Task objective: Return exactly the run of lines that begins at the line containing "Nail Clippers and" and ends at the last line of the material below; pictures stay out.

Dataset extract:
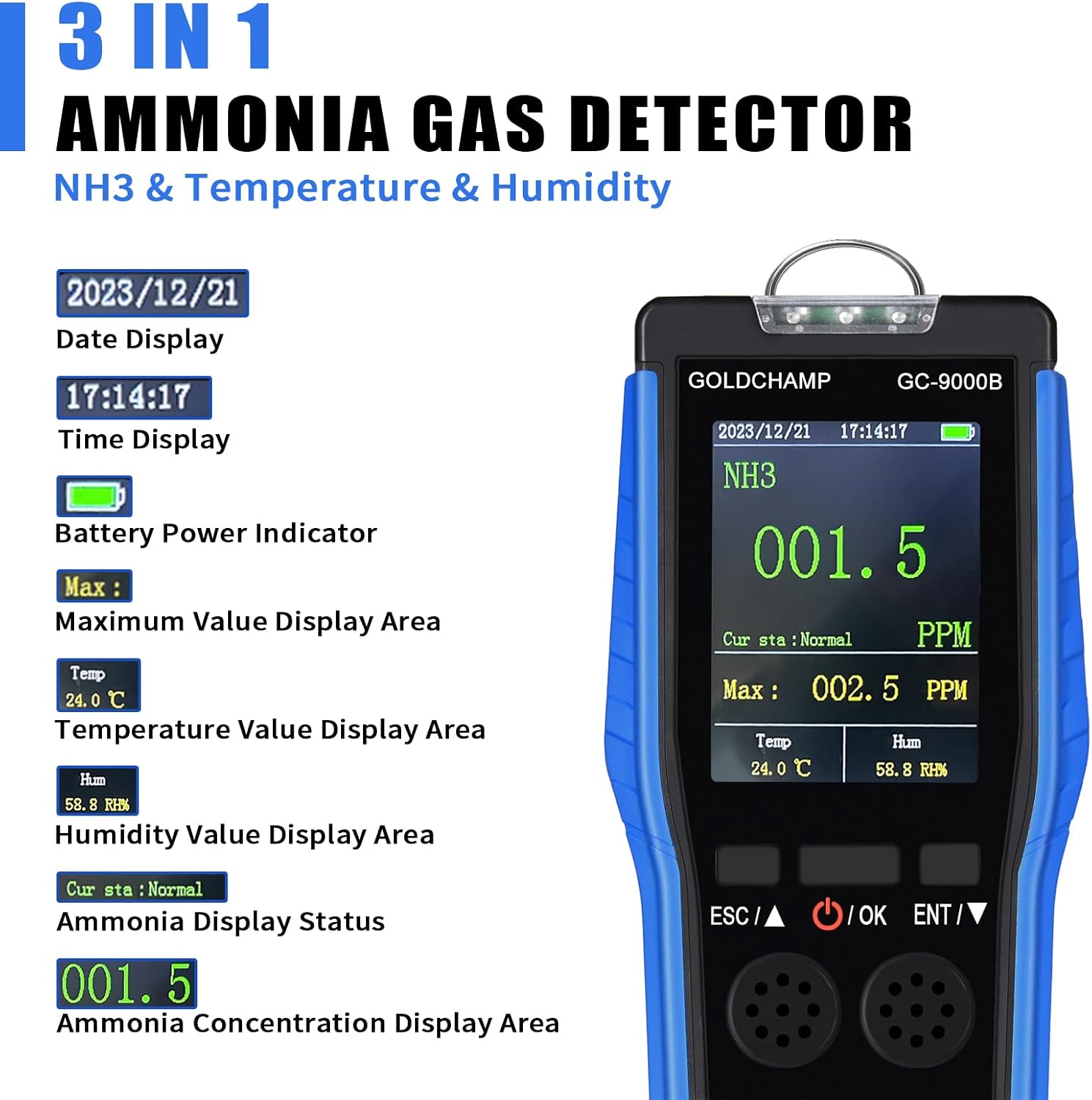 GOLDCHAMP GC-9000B Ammonia Gas Detector display layout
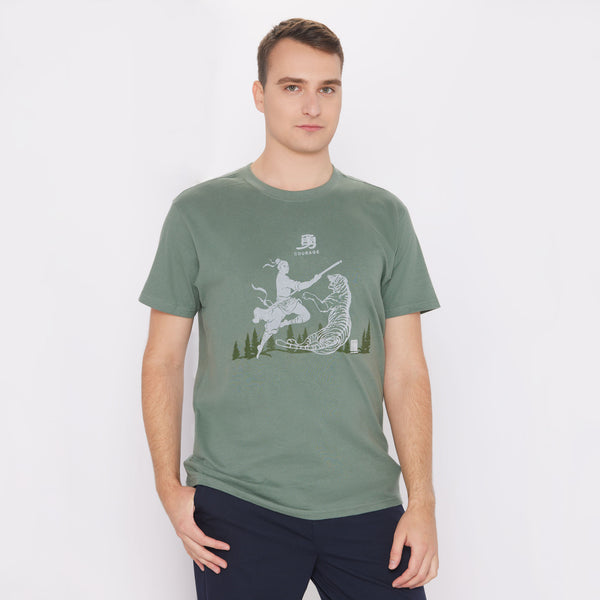 Wu Song Defeats the Tiger T-shirt Model Front View | Shen Yun Collections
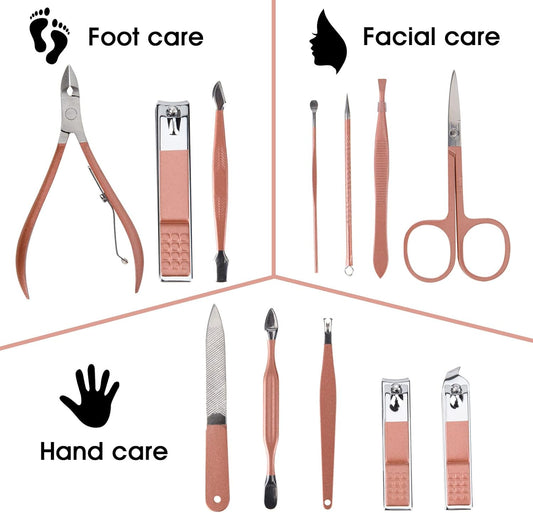 Nail Clippers and Beauty Tool Portable Set Manicure Set 12 in 1, with Pink Leather Bag, Suitable for Home, Workplace, Outdoor Travel, Gift Giving, Salon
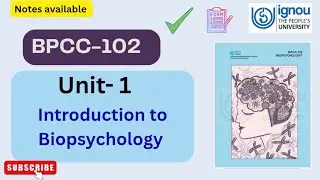 BPCC-102 unit-1 introduction to biopsychology || easy notes || #bpcc102 #notes #ignou #explanation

Written answer:
 Nail Clippers and Beauty Tool Portable Set Manicure Set 12 in 1, with Pink Leather Bag, Suitable for Home, Workplace, Outdoor Travel, Gift Giving, Salon
 BPCC-102 unit-1 introduction to biopsychology || easy notes || #bpcc102 #notes #ignou #explanation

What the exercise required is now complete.